In a scathing dissent, Senior Circuit Judge David S. Tatel criticizes the decision to focus on the reasonableness standard. “My colleagues reimagine the public forum to protect the stumping politician but not the silent photographer, to shield the shouting protester but not the note-taking reporter,” Tatel writes. “These distinctions find no basis in First Amendment jurisprudence. It makes no more sense to exclude certain types of speech from public forums than it does to police which squirrels may enter a conservation easement.”

He argues this decision deviates from precedent that struck down similar restrictions as overbroad and antithetical to core First Amendment principles. “[T]he court today upholds these restrictions on grounds untethered from our court’s precedent and that of our sister circuits,” Tatel writes. “Because the permit and fee requirements penalize far more speech than necessary to advance the government’s asserted interests, they run afoul of the First Amendment.”
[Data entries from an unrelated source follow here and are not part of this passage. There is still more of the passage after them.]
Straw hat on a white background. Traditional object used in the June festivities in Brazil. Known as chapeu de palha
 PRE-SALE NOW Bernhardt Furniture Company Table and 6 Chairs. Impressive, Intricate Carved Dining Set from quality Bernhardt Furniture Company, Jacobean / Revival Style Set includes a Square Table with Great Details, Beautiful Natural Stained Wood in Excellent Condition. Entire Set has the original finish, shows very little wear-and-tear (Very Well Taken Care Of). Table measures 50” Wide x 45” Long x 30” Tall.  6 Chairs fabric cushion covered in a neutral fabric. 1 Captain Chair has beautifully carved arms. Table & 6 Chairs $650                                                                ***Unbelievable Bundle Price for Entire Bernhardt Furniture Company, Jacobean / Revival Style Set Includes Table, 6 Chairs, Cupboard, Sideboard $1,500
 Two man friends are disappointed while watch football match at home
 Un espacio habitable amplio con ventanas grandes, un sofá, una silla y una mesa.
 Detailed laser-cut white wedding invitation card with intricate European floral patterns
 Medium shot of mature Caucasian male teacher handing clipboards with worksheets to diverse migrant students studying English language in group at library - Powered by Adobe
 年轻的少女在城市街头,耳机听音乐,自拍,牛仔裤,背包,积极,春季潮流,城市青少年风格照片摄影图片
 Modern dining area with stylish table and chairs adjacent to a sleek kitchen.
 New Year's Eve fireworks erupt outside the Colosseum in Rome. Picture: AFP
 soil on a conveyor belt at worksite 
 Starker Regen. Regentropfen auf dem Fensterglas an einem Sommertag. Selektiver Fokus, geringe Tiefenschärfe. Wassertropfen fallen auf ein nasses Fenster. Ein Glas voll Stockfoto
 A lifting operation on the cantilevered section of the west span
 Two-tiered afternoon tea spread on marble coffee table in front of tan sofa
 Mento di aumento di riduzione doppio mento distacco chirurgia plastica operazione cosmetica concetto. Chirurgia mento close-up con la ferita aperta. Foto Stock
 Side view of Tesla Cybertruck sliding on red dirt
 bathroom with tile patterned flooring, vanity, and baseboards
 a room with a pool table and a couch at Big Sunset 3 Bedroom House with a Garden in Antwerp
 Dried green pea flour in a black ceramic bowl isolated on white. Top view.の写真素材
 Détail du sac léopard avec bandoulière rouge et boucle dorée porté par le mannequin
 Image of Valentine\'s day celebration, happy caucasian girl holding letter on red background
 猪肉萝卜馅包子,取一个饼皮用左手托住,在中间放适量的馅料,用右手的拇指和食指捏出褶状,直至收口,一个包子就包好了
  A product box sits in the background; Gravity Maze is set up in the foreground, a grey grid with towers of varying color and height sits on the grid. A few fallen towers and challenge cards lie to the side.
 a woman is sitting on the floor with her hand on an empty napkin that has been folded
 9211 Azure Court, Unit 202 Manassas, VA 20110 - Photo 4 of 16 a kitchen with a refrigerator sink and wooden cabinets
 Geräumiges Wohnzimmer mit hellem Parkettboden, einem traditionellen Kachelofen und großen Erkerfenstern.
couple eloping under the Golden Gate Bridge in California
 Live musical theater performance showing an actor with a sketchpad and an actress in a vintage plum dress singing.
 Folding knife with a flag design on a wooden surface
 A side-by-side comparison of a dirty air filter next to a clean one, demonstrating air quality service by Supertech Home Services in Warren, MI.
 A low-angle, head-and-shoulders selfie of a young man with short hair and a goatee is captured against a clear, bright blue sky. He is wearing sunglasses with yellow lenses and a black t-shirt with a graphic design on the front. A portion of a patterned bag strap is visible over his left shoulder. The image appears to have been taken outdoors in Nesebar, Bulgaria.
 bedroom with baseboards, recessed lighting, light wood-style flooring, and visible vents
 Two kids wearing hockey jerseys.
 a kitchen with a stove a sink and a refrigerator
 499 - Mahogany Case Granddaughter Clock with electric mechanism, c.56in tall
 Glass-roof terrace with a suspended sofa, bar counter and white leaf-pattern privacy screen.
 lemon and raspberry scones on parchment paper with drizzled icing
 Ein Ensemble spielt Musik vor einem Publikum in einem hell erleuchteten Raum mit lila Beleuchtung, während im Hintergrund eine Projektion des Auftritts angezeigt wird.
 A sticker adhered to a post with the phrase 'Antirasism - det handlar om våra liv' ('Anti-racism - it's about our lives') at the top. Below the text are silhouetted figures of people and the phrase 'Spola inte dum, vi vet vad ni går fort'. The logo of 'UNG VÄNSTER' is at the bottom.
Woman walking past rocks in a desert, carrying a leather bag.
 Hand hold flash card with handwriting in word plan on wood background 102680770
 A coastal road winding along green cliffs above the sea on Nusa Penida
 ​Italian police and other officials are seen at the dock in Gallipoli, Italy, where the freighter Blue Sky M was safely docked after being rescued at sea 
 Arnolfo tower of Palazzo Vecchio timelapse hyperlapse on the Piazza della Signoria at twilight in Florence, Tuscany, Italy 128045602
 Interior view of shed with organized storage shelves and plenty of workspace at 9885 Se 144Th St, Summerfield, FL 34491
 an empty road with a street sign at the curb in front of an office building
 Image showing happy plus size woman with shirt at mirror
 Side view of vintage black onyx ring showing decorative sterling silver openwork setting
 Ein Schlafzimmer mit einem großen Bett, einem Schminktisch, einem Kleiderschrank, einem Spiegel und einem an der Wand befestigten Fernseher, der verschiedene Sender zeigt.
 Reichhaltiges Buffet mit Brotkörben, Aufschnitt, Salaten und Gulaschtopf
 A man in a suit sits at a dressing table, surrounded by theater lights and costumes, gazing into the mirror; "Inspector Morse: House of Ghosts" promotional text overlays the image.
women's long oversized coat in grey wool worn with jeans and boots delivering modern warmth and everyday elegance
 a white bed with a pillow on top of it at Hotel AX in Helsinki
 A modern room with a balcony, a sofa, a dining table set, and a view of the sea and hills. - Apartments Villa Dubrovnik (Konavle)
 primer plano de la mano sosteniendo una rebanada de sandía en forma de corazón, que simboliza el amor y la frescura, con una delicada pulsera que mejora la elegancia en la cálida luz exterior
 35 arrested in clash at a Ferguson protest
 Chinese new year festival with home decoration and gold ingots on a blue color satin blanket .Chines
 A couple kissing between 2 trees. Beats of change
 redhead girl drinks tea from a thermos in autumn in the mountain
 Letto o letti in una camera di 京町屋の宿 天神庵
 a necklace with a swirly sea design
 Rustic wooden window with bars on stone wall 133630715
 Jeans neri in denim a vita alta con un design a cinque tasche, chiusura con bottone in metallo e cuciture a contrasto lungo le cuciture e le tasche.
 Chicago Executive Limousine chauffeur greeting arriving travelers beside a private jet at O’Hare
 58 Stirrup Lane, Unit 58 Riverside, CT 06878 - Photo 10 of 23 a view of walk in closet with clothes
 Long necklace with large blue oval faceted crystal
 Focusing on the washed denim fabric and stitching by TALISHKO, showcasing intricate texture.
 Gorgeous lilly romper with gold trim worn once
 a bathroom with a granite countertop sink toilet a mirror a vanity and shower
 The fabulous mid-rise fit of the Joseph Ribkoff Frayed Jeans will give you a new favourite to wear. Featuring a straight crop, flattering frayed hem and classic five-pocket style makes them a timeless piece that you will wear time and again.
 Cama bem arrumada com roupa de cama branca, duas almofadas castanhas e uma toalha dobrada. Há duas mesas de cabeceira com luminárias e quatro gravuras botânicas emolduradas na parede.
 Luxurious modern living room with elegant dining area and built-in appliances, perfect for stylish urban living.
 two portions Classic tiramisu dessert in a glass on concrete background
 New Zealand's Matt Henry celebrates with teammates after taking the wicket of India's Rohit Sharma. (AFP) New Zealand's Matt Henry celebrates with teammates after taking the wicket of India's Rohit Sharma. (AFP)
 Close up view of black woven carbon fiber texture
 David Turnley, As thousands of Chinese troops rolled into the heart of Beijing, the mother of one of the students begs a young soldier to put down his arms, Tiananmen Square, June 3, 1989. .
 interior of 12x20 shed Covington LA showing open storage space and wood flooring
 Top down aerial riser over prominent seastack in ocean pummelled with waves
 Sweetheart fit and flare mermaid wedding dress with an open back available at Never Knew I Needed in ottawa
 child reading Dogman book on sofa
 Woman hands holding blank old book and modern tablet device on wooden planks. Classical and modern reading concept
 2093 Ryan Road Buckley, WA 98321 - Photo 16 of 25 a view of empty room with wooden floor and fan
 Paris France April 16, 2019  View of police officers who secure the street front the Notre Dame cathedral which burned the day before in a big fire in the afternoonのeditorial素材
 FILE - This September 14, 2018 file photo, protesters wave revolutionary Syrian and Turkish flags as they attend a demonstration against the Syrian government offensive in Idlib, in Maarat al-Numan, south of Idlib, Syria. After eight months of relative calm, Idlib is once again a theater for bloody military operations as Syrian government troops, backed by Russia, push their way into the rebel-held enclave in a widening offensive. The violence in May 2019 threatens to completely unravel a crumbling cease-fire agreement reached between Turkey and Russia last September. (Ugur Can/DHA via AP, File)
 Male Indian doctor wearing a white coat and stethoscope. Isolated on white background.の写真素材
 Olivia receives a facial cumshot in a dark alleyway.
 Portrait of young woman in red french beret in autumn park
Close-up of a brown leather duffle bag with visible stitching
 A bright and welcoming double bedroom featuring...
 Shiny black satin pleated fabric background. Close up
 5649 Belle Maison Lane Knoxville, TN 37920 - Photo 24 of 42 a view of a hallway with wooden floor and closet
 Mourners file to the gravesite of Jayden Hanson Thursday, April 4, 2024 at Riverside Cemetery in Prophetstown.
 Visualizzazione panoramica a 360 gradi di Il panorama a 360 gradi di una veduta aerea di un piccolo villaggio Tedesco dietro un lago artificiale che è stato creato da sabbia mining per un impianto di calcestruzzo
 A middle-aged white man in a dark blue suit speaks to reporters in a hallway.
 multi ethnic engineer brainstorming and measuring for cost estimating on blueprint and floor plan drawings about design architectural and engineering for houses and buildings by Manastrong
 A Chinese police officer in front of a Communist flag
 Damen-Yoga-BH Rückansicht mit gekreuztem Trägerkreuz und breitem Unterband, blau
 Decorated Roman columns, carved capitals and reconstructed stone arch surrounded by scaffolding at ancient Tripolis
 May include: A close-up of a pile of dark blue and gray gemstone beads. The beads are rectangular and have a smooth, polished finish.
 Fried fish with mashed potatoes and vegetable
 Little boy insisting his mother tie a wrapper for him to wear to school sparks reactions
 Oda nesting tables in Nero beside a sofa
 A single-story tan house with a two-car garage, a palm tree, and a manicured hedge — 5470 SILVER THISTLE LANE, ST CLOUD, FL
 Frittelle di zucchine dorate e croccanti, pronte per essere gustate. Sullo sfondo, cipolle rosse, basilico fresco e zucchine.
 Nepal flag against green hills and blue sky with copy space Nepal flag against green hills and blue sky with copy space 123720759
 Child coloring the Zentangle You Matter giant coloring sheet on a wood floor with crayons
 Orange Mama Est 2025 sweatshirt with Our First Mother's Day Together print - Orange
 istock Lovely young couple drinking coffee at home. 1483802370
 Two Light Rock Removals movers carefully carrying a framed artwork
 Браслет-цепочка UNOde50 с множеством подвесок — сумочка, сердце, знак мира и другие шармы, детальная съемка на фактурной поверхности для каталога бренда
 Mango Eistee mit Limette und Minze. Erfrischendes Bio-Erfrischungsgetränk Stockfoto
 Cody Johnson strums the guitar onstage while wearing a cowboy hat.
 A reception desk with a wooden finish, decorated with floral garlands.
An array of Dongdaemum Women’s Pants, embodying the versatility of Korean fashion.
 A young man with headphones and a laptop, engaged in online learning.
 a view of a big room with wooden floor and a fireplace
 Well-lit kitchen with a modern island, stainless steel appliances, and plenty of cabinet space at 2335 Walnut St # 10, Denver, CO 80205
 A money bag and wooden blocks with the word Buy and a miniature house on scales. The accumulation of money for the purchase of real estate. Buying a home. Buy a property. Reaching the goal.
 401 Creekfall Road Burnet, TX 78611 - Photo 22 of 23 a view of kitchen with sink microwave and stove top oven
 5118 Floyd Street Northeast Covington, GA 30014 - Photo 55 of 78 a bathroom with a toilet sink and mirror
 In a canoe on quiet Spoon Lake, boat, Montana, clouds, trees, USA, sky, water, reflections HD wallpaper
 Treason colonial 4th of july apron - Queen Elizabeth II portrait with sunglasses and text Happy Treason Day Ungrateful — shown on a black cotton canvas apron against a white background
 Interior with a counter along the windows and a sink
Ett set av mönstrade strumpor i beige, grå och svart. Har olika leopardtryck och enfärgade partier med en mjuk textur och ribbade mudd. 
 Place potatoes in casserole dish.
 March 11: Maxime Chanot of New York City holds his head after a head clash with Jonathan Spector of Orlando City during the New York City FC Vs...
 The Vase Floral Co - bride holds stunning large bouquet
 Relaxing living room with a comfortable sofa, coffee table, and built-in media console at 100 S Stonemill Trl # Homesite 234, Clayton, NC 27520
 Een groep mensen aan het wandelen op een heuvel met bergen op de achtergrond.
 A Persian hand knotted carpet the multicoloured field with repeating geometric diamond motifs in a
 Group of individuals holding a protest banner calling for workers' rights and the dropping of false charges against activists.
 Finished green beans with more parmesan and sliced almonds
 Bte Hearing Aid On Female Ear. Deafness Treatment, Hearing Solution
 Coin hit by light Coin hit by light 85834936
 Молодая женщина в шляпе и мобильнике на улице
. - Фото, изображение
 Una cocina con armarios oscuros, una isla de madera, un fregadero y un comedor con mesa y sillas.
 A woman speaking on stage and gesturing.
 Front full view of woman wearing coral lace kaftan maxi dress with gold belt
Tatel cites a 2010 decision in Boardley v. United States Department of Interior. “Like the NPS regulations in that case, the Permit Regime burdens substantially more speech than necessary to achieve the government’s significant interests in protecting NPS resources and preventing interference with park visitors,” writes Tatel. He argues that because the regulations define “commercial filming” as any “film, electronic, magnetic, digital, or other recording of a moving image by a person, business, or other entity for a market audience with the intent of generating income” this kind of restriction isn’t narrowly tailored enough to withstand scrutiny. (Ginsburg argued Boardley is irrelevant because it concerned “the distribution of written materials,” which is communicative activity.)

“[T]he Permit Regime applies to an extraordinarily broad group of people, ranging from large-scale filming operations, to small documentary film crews, to individuals who take short videos on their phones and later monetize this content on social media platforms,” Tatel writes. “Even a park visitor who takes a five-minute video on her phone, planning to post it on YouTube and generate advertising revenue, must obtain a permit and pay a fee. Although large commercial filming projects may well ‘involve equipment operators, filming subjects, and sustained operations’ that burden park resources and disturb visitors … the government provides no reason to think that individuals and small groups ‘interfere meaningfully with [these] interests.'”

The court reversed Kollar-Kotelly’s decision, vacated the declaratory judgment and the permanent injunction, and instructed the trial court to deny Price’s motion for judgment on the pleadings and to grant the defendant’s motion.

In a brief statement to The Hollywood Reporter on Tuesday, Price and Crawford Road co-producer James Person said, “We are disappointed with the decision and currently are considering our options.”

If Price decides to continue his fight, the next step would be petitioning the U.S. Supreme Court. Given some of the issues Tatel raises in his dissent, including his opinion that this decision puts the D.C. Circuit in conflict with other appellate courts, it seems modern technology has created yet another free speech issue that’s ripe for consideration by the high court.

Or, as Tatel puts it: “Before standing outside Yosemite National Park’s visitor center using a cell phone to record commentary on our national parks that will air on an advertisement-supported YouTube channel, an individual must obtain a permit and pay a fee. Before filming a protest on the National Mall, tourists must obtain a permit and pay a fee if they have any inkling that they might later make money from this footage on social media. And when the filming is spontaneous, these individuals will be criminally liable and face up to six months in prison even though they could not possibly have obtained a permit ahead of time. … By stripping public forum protection from filming, my colleagues — for the very first time — disaggregate speech creation and dissemination, thus degrading First Amendment protection for filming, photography, and other activities essential to free expression in today’s world.”